America could improve its cyber defenses by “orders of magnitude” if government, critical industries, private companies and cyber innovators could develop a robust framework for working closely together.
That was a core message of the Fort Meade Alliance’s Feb. 1 gathering with U.S. Senator Chris Van Hollen and Gen (Ret) Keith Alexander.
“It’s all about collaboration,” Alexander told nearly 200 FMA members and guests. “If we just did that, we would improve cyber security by orders of magnitude… In the long run, we will also save money.”
Orchestrating close cyber collaboration, however, is challenging.
Congress laid some groundwork for collaboration among private companies in 2015 when it passed the Cybersecurity Information Sharing Act, Van Hollen said. Existing legislation also creates avenues for collaboration between government and essential industries, such as energy and finance.
But all parties need to be further enabled and incentivized to participate in overarching cyber defense efforts, both speakers told the audience.
Government could offer tax incentives to companies that implement more regimented cyber protections, apply the NIST cyber framework and share information about their protocols with government, said Alexander who formerly served as Commander of U.S. Cyber Command, Director of the National Security Agency and Chief of the Central Security Service. After retiring, Alexander founded IronNet Cybersecurity and currently serves as its president and CEO.
Government, he added, could also provide some level of liability protection to companies that fully comply with such an initiative and alleviate the legal expenses companies often face after a cyber attack.
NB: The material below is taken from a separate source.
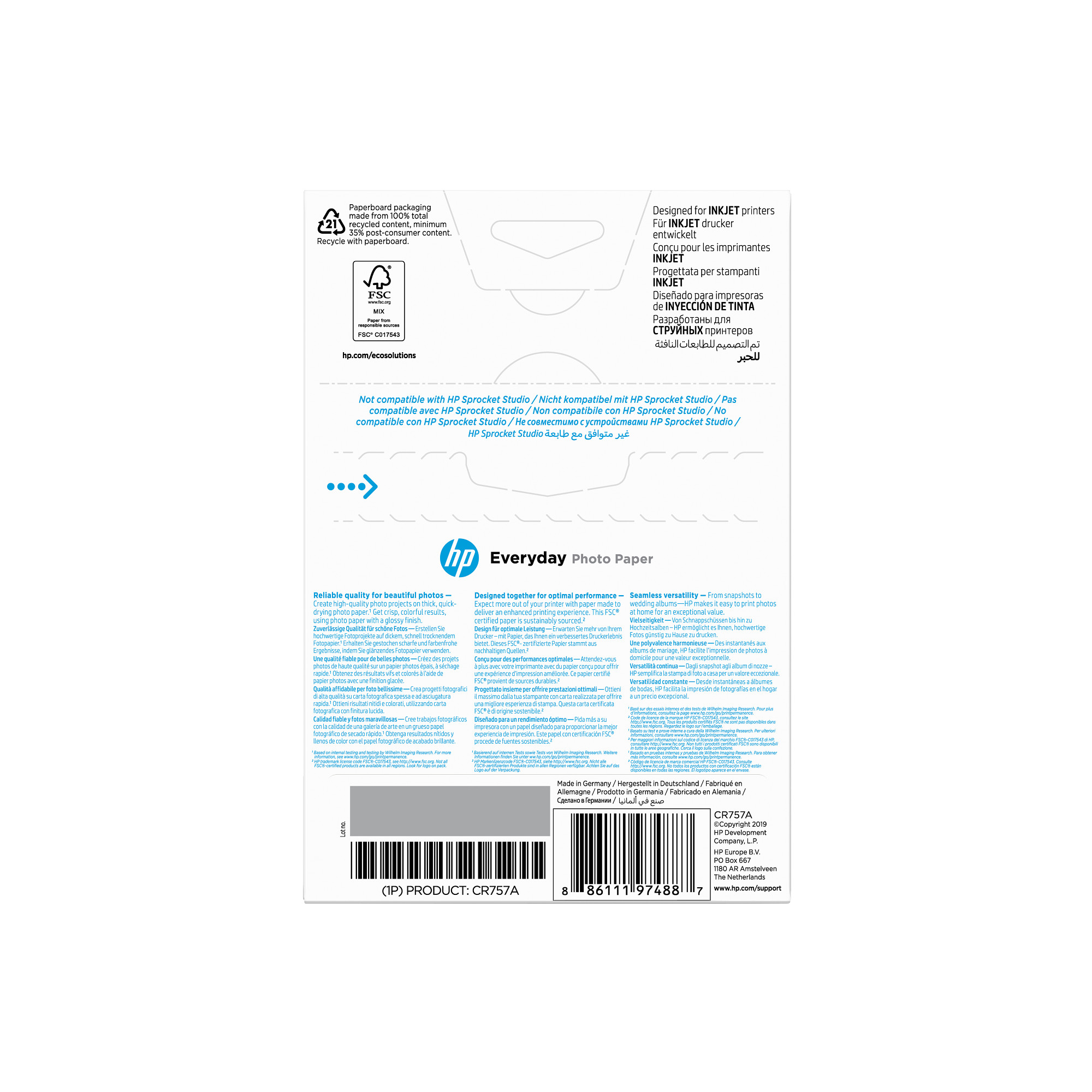 HP Everyday Glossy Photo Paper-100 sht/ 10 x 15 cm,  200 g/ m2,  CR757A2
“You look at a company like Anthem who was attacked probably by the Chinese… They have over 100 lawsuits now that they are facing,” he said. When a company gets hacked, “then they get sued. It’s like they get robbed, they get beaten and then after we say, ‘Why didn’t you defend yourself?’”
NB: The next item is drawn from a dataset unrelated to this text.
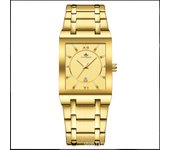 Galvanoplastia business calendar cuarzo impermeable pequeña pepita de oro cuadrado hombre acero correa reloj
In its December report, the Commission on Enhancing National Cybersecurity proposed measures for improving America’s cyber defenses and responses to cyber attacks. The new administration could implement some of those measures, Van Hollen said. However, Congressional action would be needed to enact others.
To pass those measures and spur wider implementation of cyber defenses, Americans need to be better educated about cyber threats, both men said.
“We need to raise awareness that the threat is real from the bad guys,” Van Hollen said. “We know we are being attacked everyday.”
The United States has “the best offensive [cyber] team in the world,” Alexander said.
However, America’s vast infrastructure and incomplete cyber defenses leaves us with vulnerabilities, he added.
To properly defend the country, America also needs to develop a much larger cyber workforce. The National Initiative for Cybersecurity Education reported that the number of open cybersecurity jobs in the U.S. reached 250,000 in 2016. That included 17,000 open jobs in Maryland, said Steven Tiller, President of the Fort Meade Alliance and the morning’s moderator.
“Workforce is a huge issue,” said Van Hollen, who previously helped secure federal funds to encourage more students to pursue STEM careers through Maryland community colleges.
In addition to supporting education, the federal government needs to implement more effective measures to reduce the processing times for security clearances, he said.
“That is something that has been talked about for a long time, but not much progress has been made in my view,” Van Hollen said. “We have got to do a much better job, not only devoting more resources but having more reciprocity agreements which I know are difficult.”
America also needs to devote energy to making the federal government an attractive employer, Alexander said. Americans need to openly recognize the vital public service provided by federal employees and consider offering new incentives to employees, such as a program that helps young people pay off their student loans.